U.K.:  We continue to monitor for fallout from the Johnson government’s decision to accept Huawei (002502, CNY 2.99), defying a U.S. ban.  The fear is that if the U.S. doesn’t retaliate strongly, the EU will likely follow the same path.  Germany is considering accepting equipment from the Chinese firm under threat from Beijing that it will face auto tariffs if it complies with U.S. demands.  In some respects, Europe is in a very difficult spot.  The Eurozone has essentially become a “greater Germany” in economic terms.  In other words, as Germany has become dependent on exports, so has the rest of the Eurozone.  That means other nations can affect the Eurozone economy by reducing the amount of goods they buy from the region.  At the same time, its defense capabilities are modest at best, so the EU still depends on the U.S. for security.  Europe seems to be betting that the U.S. won’t inflict costs high enough compared to the loss of future 5G.

Bolivia:  Last October, Evo Morales, the former president of the country, fled into exile in Mexico after he was denied the right to run again for office.  Jeanine Anez took over as interim president with promises to step down once elections occurred.  Apparently, she has developed a fondness of the office as she has announced her candidacy.  This decision will be controversial, as she is seen as a divisive figure.  Elections are not due until Oct. 20.

The deficit:  The Congressional Budget Office has updated its forecast for the deficit.  The numbers are large.

In general, deficits around 5% of the GDP are usually associated with recessions.  To have deficits at this level late in an expansion suggests the deficit will expand even further when the inevitable recession occurs.  Still, it’s important to remember that the impact of deficits is dependent upon the level of unused resources in the economy.  The fact that we can run deficits of this magnitude without serious inflation ramifications suggests that there is still ample slack in the economy.  The dollar’s strength in the face of these deficits suggests there are no concerns about capacity to service the debt.  So, for now, this situation isn’t a problem.
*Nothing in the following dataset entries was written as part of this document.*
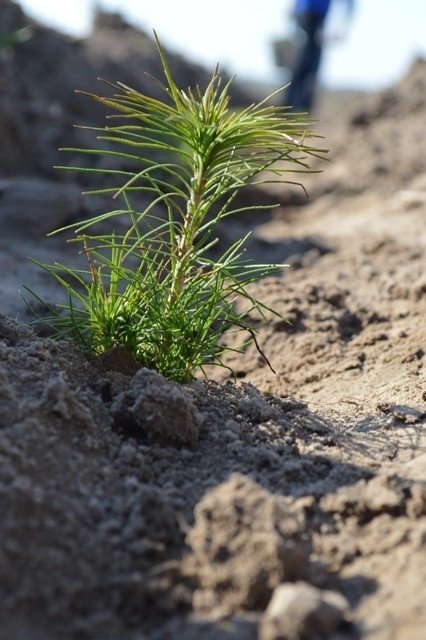 Турбота про довкілля ‒ не політика, ‒ Башкаленко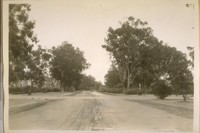 West on the Pan Handle Drive in G.G. [Golden Gate] Park from Masonic Ave. July 31/31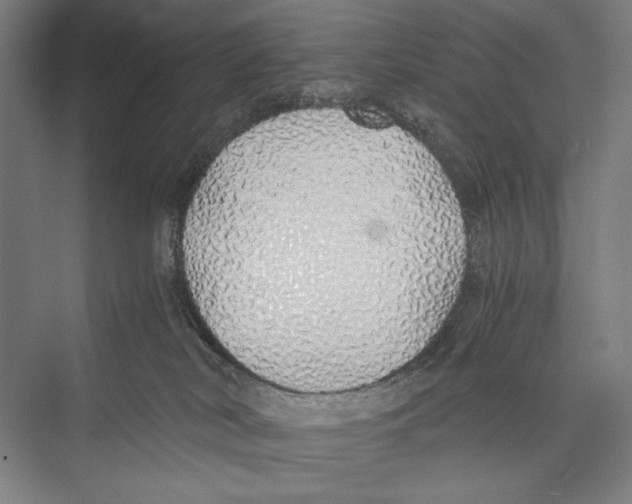 X0000075390038200610061916
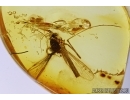 Extremely Rare Mosquito, Culicidae, Culex. Fossil insect in Baltic amber #6206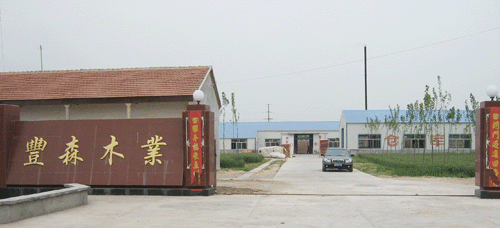 �D��cf �c(di��n)���ɷŴ�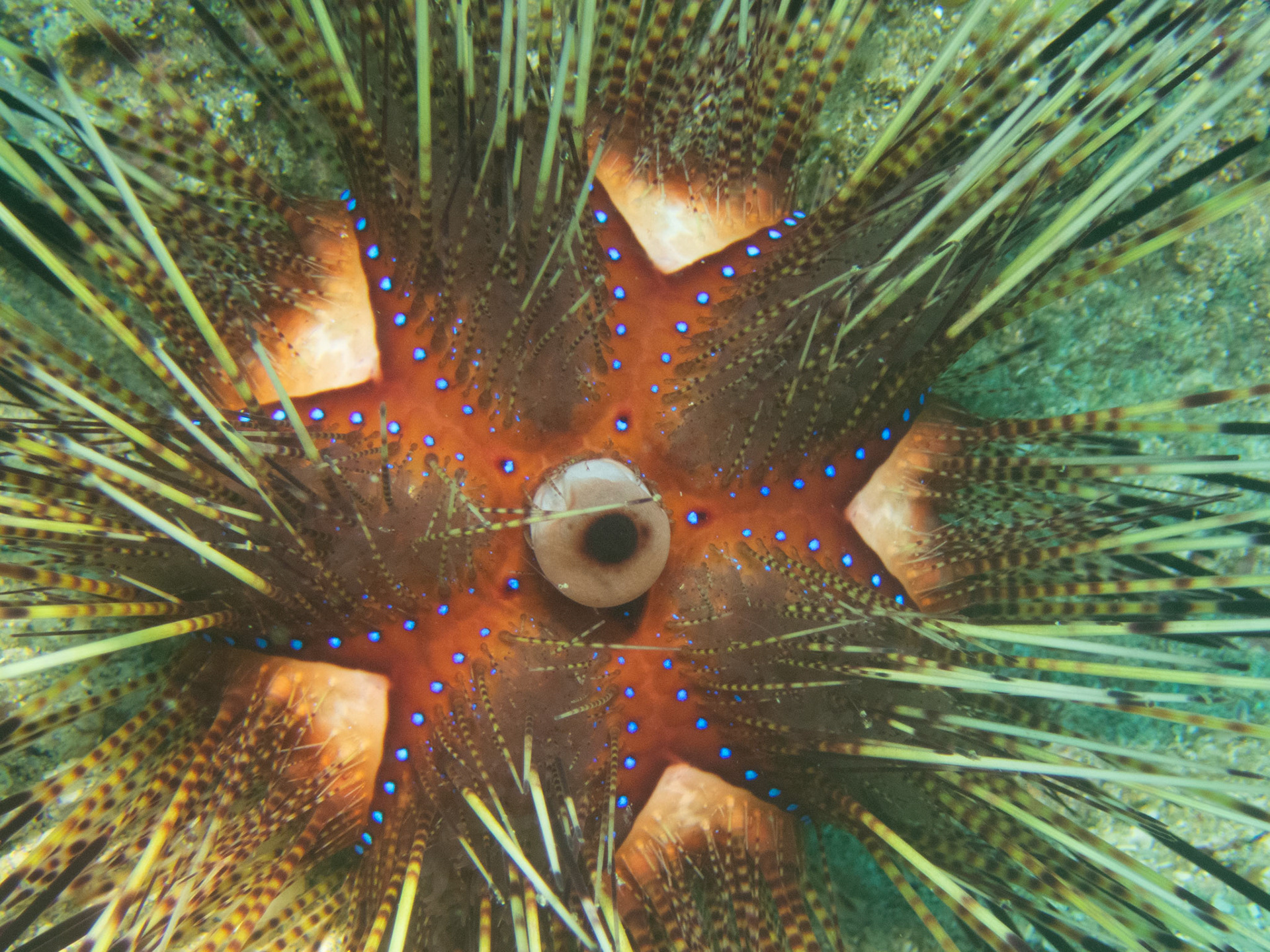 Pin Cushion Sea Urchin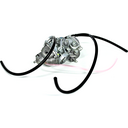 Carburetor Assembly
A situation we are monitoring:  The U.S. has confirmed that an E-11A crashed in Afghanistan on Monday.  The aircraft is used by the Air Force for communications.  The Taliban has claimed it shot the aircraft down; the U.S. has denied the claim.   According to reports, SEALS recovered two bodies and the black box and destroyed sensitive equipment.  Iranian and Russian media are reporting that the senior CIA officer that was responsible for the operation that killed Qassim Soleimani died in the crash.   The U.S. has not confirmed these rumors.  We have doubts over the veracity of these reports.  Misinformation is rather normal with these sorts of things.  However, we will continue to watch to see if there are further developments.

Troubles in Catalonia: Unity among pro-Catalan independence parties suffered a blow on Wednesday, after Catalan President Quim Torra called for new regional elections. The move is in response to the President being stripped of his voting rights after the Spanish Court and Central Electoral board found him guilty of disobeying electoral rules. In December, President Torra was found guilty of disobedience for his refusal to remove banners in support of jailed pro-independence leaders. New elections highlight the growing fractions between separatist parties, the Republican Left of Catalonia (ERC) and Junts Per Catalonia (JxCAT). Although the two sides agree on Catalan independence, the groups represent opposite sides of the political spectrum. The political storm has yet to cause uncertainty within Spain, but highlights the growing differences between the two sides.